🤖 AI Summary
Current AI text detectors exhibit unknown robustness against semantically preserving paraphrasing—particularly for outputs generated by advanced open-weight LLMs like DeepSeek.
Method: We systematically evaluate six mainstream detectors (AI Text Classifier, Content Detector AI, Copyleaks, QuillBot, GPT-2 Detector, GPTZero) on DeepSeek-generated text and assess their resilience under standard paraphrasing and humanization-based adversarial attacks. Additionally, we propose and validate a novel in-model detection paradigm leveraging few-shot prompting and chain-of-thought reasoning within DeepSeek itself.

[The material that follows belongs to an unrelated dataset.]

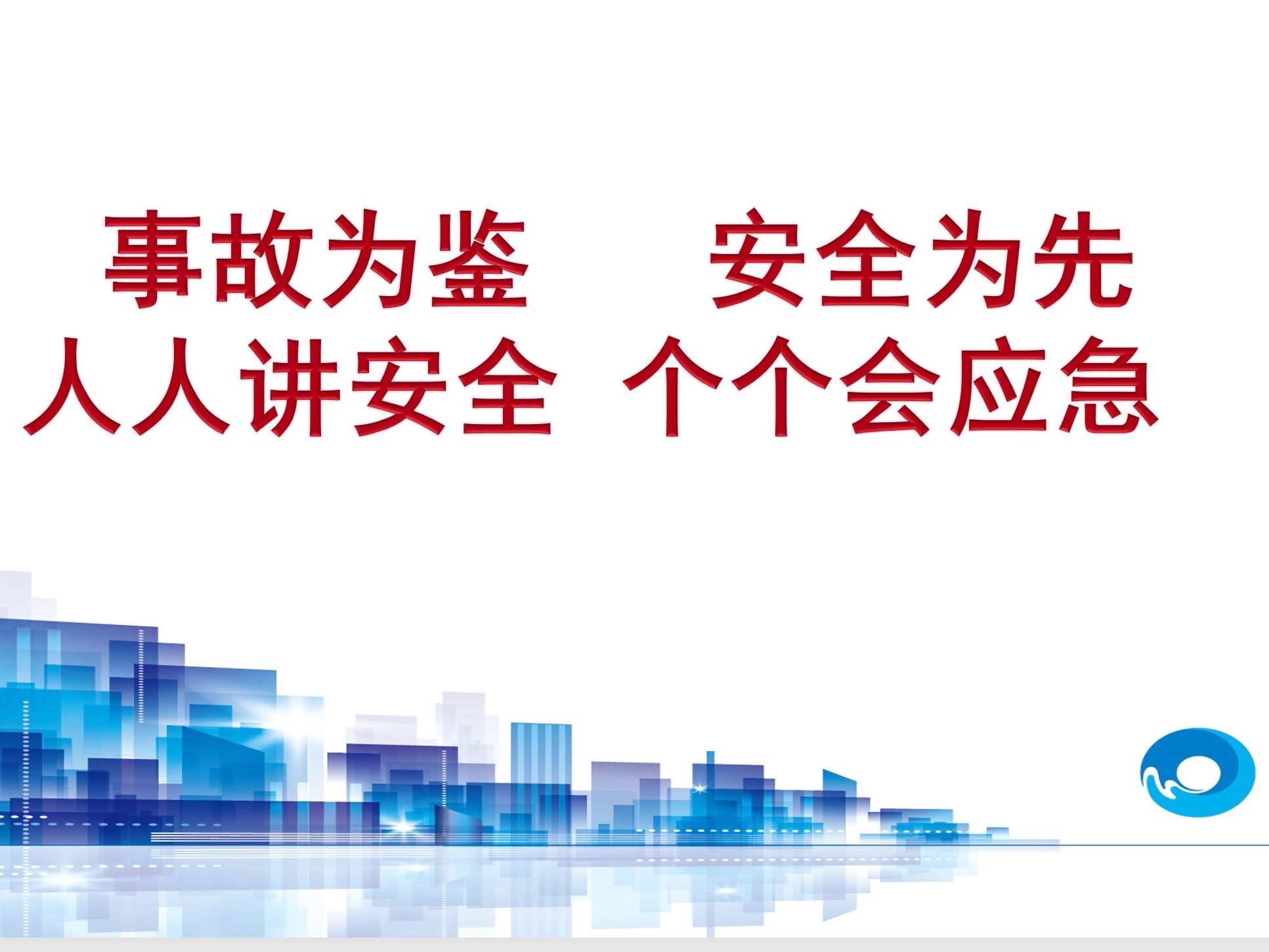 北京保洁公司,安全生产月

Contribution/Results: QuillBot and Copyleaks achieve highest baseline accuracy but suffer substantial performance degradation under humanized rewriting. In contrast, our DeepSeek-based detector attains 96.2% recall—approaching state-of-the-art external tools—demonstrating that LLMs can serve as effective, self-contained detectors. This work reveals critical vulnerabilities of existing detectors to semantic-preserving transformations and establishes large language models’ intrinsic capability for high-fidelity AI text detection.
📝 Abstract
Large language models (LLMs) have rapidly transformed the creation of written materials. LLMs have led to questions about writing integrity, thereby driving the creation of artificial intelligence (AI) detection technologies. Adversarial attacks, such as standard and humanized paraphrasing, inhibit detectors' ability to detect machine-generated text. Previous studies have mainly focused on ChatGPT and other well-known LLMs and have shown varying accuracy across detectors. However, there is a clear gap in the literature about DeepSeek, a recently published LLM. Therefore, in this work, we investigate whether six generally accessible AI detection tools -- AI Text Classifier, Content Detector AI, Copyleaks, QuillBot, GPT-2, and GPTZero -- can consistently recognize text generated by DeepSeek. The detectors were exposed to the aforementioned adversarial attacks. We also considered DeepSeek as a detector by performing few-shot prompting and chain-of-thought reasoning (CoT) for classifying AI and human-written text. We collected 49 human-authored question-answer pairs from before the LLM era and generated matching responses using DeepSeek-v3, producing 49 AI-generated samples. Then, we applied adversarial techniques such as paraphrasing and humanizing to add 196 more samples. These were used to challenge detector robustness and assess accuracy impact. While QuillBot and Copyleaks showed near-perfect performance on original and paraphrased DeepSeek text, others -- particularly AI Text Classifier and GPT-2 -- showed inconsistent results. The most effective attack was humanization, reducing accuracy to 71% for Copyleaks, 58% for QuillBot, and 52% for GPTZero. Few-shot and CoT prompting showed high accuracy, with the best five-shot result misclassifying only one of 49 samples (AI recall 96%, human recall 100%).